- _RECORDS FOR THIS TASK_
━━━━━━━━━━━━━━━━

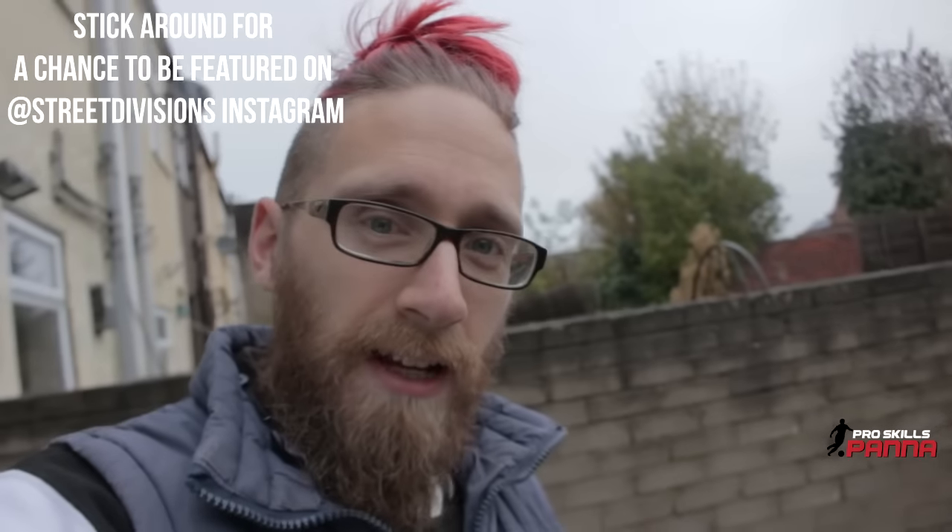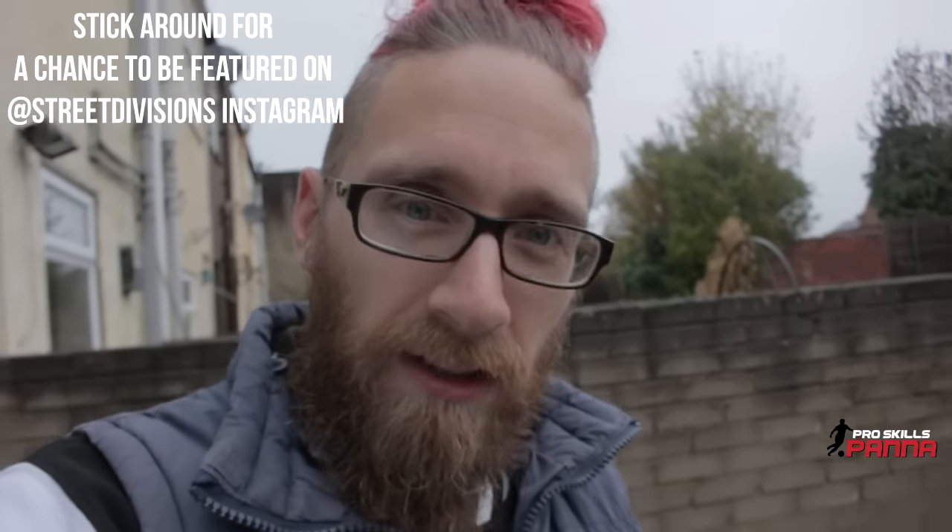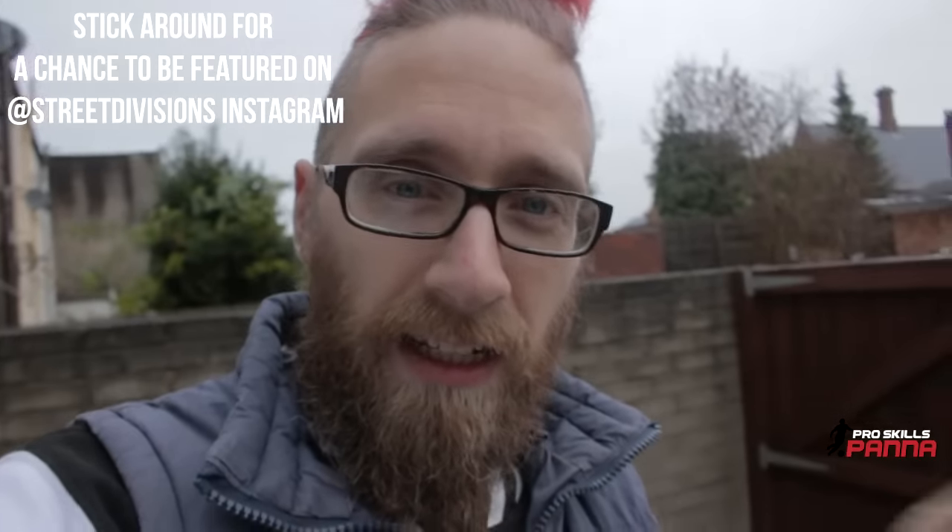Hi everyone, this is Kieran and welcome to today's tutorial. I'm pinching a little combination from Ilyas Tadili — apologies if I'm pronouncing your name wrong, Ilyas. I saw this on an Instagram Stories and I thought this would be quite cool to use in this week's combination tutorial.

━━━━━━━━━━━━━━━━

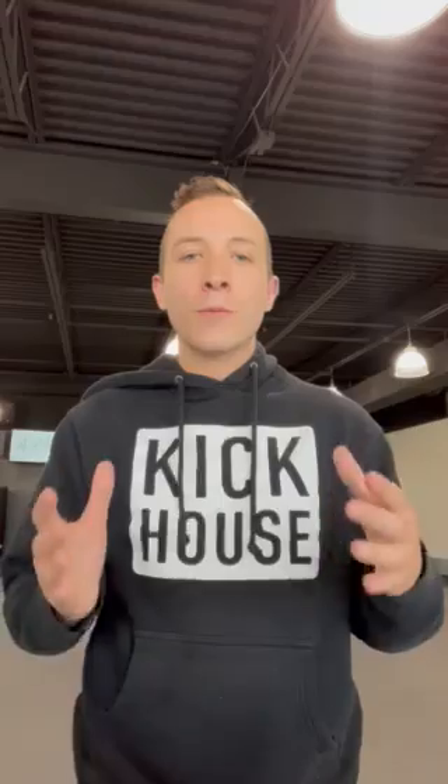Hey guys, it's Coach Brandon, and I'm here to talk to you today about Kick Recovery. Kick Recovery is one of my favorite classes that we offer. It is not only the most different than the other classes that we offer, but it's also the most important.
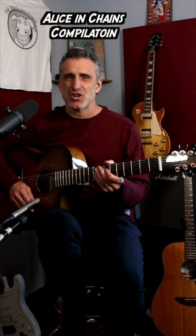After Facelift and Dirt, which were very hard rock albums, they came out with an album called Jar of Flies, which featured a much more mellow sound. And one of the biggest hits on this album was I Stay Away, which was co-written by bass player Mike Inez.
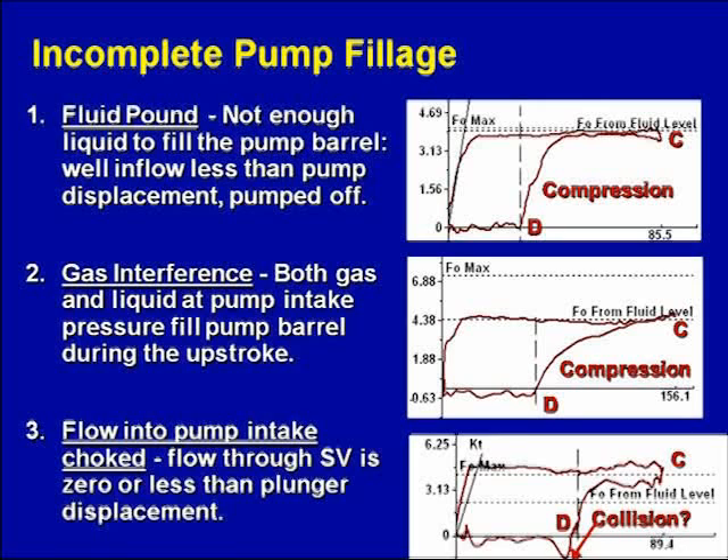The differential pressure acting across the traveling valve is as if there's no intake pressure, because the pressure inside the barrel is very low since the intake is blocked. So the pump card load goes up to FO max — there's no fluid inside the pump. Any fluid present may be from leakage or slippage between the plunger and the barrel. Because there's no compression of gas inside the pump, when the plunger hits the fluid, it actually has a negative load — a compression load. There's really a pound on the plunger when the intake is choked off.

━━━━━━━━━━━━━━━━

- _WHAT IS EXPECTED_
Every line from the one with "Hey guys, it's" through the one with "After Facelift and" is to be reproduced exactly as written above, and the pictures are to be dropped.

- _SOLVED EXERCISE_
Hey guys, it's Coach Brandon, and I'm here to talk to you today about Kick Recovery. Kick Recovery is one of my favorite classes that we offer. It is not only the most different than the other classes that we offer, but it's also the most important.
After Facelift and Dirt, which were very hard rock albums, they came out with an album called Jar of Flies, which featured a much more mellow sound. And one of the biggest hits on this album was I Stay Away, which was co-written by bass player Mike Inez.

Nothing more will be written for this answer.